With advanced life support, highly trained paramedics can administer lifesaving drugs, create airways in patients who can’t breathe and shock patients who have had heart attacks.

“A paramedic is vital in saving lives; there is a huge difference,” said Battalion Chief Doug Smith, spokesman for the Columbus Division of Fire. “I think (Howarth) is wrong.”

Dr. David Keseg, the Fire Division’s medical director, said the study did not take into account the benefits of drugs that paramedics administer. “This paper in and of itself is not a good defense of trying to promote” an all-basic emergency medical system, he said.

More than a decade ago, Columbus leaders moved from a two-tiered system to an advanced-only system in which every medic unit is made up of paramedics trained to use lifesaving equipment and drugs.

Many new firefighters are required to become paramedics. Of the 1,520 firefighters, about 640 are paramedics and are paid at a higher rate than firefighters.

Fire officials say the system works. For example, the national survival rate for cardiac arrest is 6.4 percent. In Columbus, it’s 12 percent.

“I can’t see the citizens of our community changing from an (advanced) system to a (basic) system in order to save 3 percent of the budget,” said Jack Reall, president of the Columbus Fire Fighters Union.

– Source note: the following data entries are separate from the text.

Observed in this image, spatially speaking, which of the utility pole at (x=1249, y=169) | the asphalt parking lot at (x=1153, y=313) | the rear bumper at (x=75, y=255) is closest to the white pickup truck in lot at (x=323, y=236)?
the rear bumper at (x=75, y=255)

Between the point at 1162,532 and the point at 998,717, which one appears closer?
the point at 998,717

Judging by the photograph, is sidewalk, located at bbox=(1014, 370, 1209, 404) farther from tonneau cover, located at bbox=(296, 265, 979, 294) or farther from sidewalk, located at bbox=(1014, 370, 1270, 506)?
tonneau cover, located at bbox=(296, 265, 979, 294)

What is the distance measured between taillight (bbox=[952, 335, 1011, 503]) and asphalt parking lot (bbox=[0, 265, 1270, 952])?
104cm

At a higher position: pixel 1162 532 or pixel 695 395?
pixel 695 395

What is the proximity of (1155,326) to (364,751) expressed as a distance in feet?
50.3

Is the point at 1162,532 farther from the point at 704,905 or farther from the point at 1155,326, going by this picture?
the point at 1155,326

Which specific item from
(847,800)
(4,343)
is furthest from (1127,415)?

He questioned whether the committee considered the money the city could lose in switching. Columbus bills government agencies and private insurance companies at a higher rate for advanced emergency transports to hospitals than for basic care.

Last year, the city collected $12.4 million for emergency medical runs.

“If that’s their recommendation, you have to wonder what the rest of the report has in it,” Reall said.

Fire leaders have discussed returning to a tiered system so paramedics wouldn’t respond to basic calls.

Howarth said the committee did not recommend studying a two-level system.